- TASK GOAL -
The material below holds a span beginning at the line with "バズリクソンズ USA製 ミリタリー" and ending at the line with "elitehood Overhead Phone". Quote that span exactly, both ends included, and only that span.

- DATASET EXCERPTS -
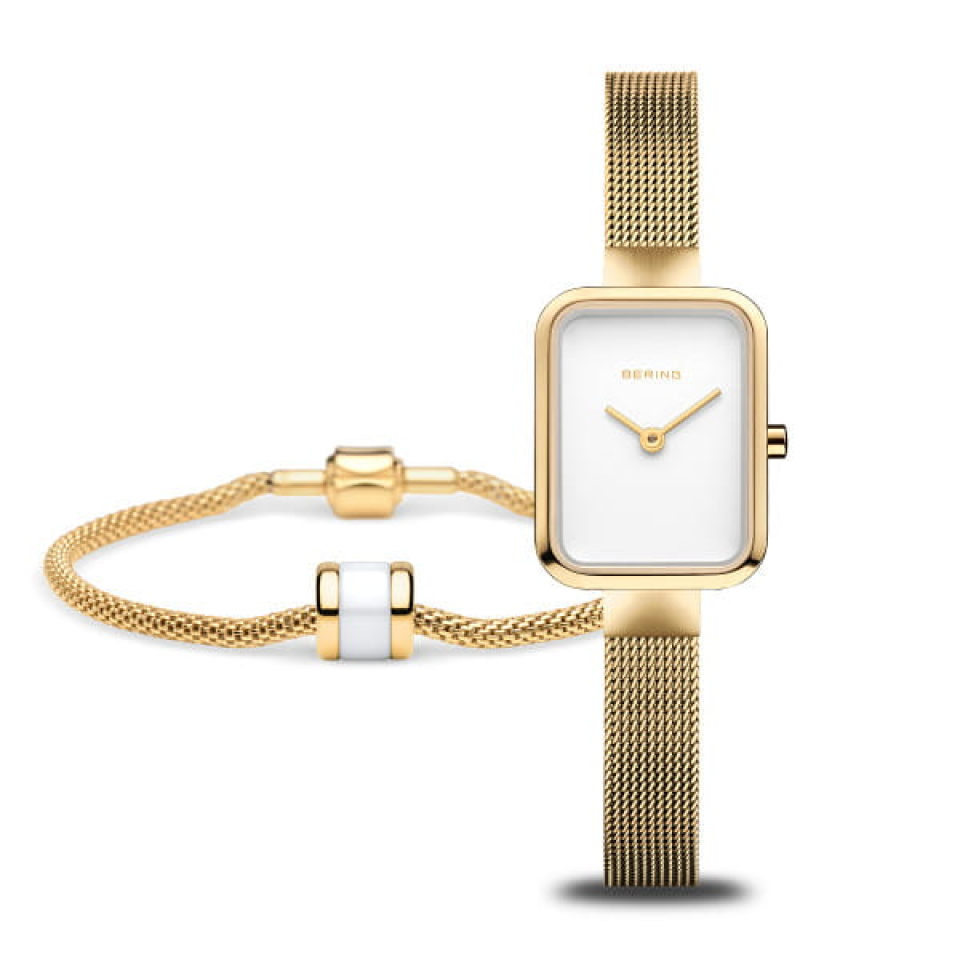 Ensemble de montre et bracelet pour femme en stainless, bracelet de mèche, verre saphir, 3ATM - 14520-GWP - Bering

---

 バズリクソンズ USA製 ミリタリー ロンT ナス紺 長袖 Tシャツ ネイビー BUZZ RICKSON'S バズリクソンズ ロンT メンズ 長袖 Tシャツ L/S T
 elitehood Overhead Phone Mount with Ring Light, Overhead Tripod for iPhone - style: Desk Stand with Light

- EXERCISE OUTPUT -
 バズリクソンズ USA製 ミリタリー ロンT ナス紺 長袖 Tシャツ ネイビー BUZZ RICKSON'S バズリクソンズ ロンT メンズ 長袖 Tシャツ L/S T
 elitehood Overhead Phone Mount with Ring Light, Overhead Tripod for iPhone - style: Desk Stand with Light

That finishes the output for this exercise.